> [Required work]
When you reach the line in the data below that contains "Braze alternatives channel", please start repeating lines exactly, and stop after the line that contains "Lista kroków do", repeating nothing else.

> [Records supplied]
┌────────
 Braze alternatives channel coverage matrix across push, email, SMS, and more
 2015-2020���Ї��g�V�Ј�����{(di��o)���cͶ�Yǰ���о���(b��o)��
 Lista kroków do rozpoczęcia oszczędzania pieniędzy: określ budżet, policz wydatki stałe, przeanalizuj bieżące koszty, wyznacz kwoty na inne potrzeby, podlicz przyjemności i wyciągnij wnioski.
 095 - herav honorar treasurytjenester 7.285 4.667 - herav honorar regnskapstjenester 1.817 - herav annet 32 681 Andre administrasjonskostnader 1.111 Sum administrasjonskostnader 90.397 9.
└────────
┌────────
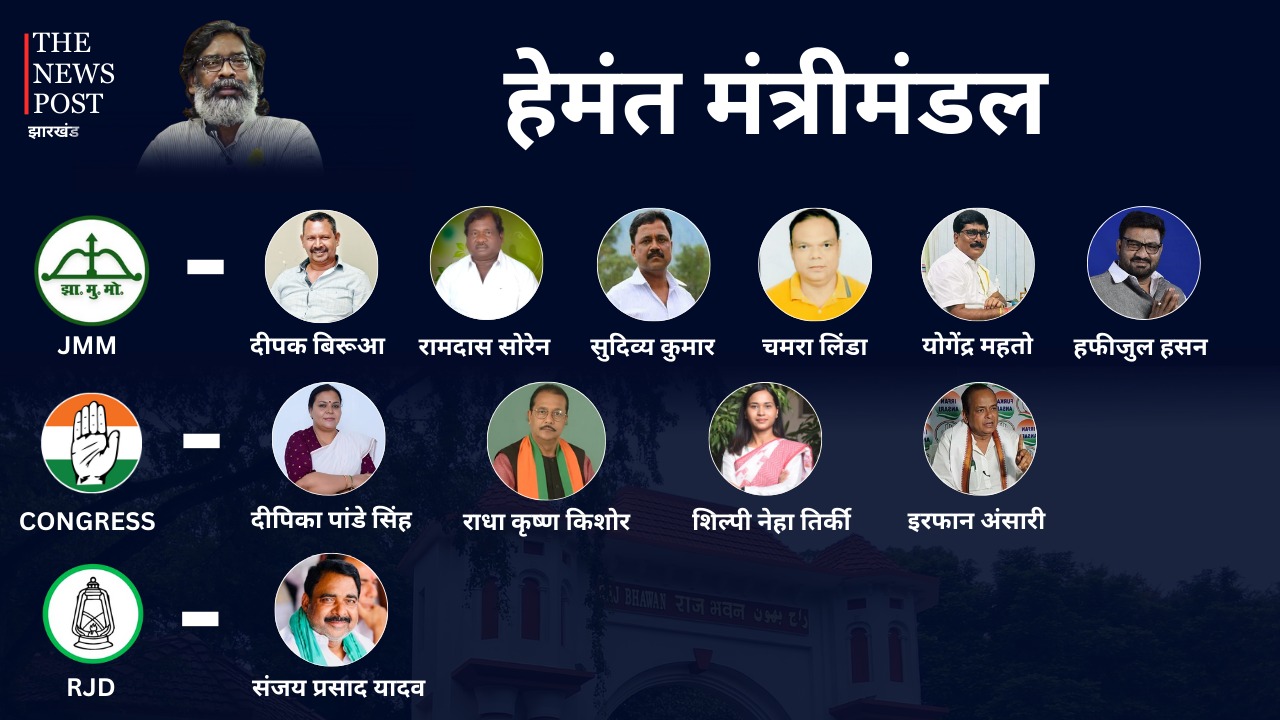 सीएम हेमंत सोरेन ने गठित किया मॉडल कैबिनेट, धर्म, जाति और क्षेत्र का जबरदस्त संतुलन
└────────
> [Result of the task]
 Braze alternatives channel coverage matrix across push, email, SMS, and more
 2015-2020���Ї��g�V�Ј�����{(di��o)���cͶ�Yǰ���о���(b��o)��
 Lista kroków do rozpoczęcia oszczędzania pieniędzy: określ budżet, policz wydatki stałe, przeanalizuj bieżące koszty, wyznacz kwoty na inne potrzeby, podlicz przyjemności i wyciągnij wnioski.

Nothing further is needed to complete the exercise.